Methods and Analysis:
Patients aged 55 years and over are recruited to four cohorts defined by their risk of hospital admission, with long-term conditions including COPD, dementia, diabetes and heart failure. The programme is determined on an individual basis, with a range of technologies available. The evaluation is adopting a two-phase approach: Phase 1 includes a bespoke patient survey and a mass matched control analysis; and Phase 2 is using observational interviews with patients, and weekly diaries, action learning meetings and focus groups with members of staff and other key stakeholders.
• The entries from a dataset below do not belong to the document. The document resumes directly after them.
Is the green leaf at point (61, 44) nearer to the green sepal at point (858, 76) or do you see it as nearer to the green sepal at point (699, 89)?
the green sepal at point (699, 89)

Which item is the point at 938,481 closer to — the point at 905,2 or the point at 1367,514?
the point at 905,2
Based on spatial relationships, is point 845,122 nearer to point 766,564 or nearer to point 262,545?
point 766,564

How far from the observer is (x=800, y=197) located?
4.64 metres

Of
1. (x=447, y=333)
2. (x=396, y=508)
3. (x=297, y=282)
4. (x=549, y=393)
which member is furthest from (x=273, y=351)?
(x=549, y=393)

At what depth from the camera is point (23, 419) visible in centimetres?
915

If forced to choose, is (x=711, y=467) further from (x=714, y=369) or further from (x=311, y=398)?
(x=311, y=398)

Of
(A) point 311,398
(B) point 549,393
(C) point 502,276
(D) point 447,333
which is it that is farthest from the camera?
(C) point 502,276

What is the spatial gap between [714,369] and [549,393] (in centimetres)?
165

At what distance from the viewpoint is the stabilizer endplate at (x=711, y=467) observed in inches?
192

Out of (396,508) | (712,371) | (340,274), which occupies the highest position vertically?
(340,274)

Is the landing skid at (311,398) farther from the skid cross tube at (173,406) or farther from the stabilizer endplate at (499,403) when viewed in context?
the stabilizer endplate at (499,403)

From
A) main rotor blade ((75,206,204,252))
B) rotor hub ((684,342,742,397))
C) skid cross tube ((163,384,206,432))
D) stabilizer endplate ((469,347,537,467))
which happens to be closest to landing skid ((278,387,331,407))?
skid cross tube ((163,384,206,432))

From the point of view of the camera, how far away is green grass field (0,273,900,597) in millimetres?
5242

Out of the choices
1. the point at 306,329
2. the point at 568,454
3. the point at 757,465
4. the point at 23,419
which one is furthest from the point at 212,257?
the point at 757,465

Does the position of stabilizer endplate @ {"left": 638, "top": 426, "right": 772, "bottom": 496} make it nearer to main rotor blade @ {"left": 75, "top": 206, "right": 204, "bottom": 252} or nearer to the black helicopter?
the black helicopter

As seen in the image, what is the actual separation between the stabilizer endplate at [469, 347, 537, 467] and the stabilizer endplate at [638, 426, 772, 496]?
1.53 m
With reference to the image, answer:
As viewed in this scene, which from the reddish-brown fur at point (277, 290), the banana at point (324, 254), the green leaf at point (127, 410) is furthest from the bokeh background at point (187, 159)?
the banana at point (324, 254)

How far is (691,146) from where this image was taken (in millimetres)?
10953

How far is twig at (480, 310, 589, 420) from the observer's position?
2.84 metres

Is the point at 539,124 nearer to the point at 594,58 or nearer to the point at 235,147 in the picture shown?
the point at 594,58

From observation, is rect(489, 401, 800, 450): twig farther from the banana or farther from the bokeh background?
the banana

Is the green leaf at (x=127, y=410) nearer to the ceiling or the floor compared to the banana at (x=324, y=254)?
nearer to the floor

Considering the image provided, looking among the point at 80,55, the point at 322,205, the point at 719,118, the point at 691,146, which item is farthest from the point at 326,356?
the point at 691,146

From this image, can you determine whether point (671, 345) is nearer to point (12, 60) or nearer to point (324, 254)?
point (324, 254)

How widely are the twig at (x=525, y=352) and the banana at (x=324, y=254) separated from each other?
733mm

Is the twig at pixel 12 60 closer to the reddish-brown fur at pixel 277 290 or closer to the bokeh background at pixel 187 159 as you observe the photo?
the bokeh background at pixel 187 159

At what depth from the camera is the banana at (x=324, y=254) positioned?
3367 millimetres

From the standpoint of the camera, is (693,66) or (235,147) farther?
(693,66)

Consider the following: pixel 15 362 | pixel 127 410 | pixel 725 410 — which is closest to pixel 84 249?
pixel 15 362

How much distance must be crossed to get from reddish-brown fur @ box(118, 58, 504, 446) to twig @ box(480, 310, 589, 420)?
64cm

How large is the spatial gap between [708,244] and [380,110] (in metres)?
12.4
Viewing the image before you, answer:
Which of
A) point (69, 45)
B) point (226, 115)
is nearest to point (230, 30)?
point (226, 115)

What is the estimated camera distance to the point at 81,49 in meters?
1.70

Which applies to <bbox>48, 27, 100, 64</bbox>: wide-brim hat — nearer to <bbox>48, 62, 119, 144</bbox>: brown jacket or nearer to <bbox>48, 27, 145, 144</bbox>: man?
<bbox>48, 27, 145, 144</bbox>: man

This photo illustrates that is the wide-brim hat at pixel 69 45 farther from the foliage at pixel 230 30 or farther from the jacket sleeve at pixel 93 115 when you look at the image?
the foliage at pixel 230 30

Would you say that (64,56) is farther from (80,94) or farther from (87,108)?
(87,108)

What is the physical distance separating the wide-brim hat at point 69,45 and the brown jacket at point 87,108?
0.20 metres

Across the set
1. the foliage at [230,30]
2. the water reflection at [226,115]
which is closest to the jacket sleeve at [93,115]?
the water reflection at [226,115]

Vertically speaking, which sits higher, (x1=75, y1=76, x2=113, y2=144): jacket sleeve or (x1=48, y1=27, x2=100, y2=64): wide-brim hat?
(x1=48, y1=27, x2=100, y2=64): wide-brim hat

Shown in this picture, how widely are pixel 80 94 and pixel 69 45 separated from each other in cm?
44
Phase 1 data analysis consists of a statistical evaluation of the effectiveness of the programme. A health economic analysis of its costs and associated cost changes will be undertaken. Phase 2 data will be analysed thematically with the aid of Atlas.ti qualitative software. The evaluation is located within a logic model framework, to consider the processes, management and participation that may have implications for the Test Bed’s success.

Ethics and Dissemination:
The LCIA Test Bed evaluation has received ethical approval from the Health Research Authority and Lancaster University’s Faculty of Health and Medicine Research Ethics Committee. A range of dissemination methods are adopted including deliberative panels to validate findings and develop outcomes for policy and practice.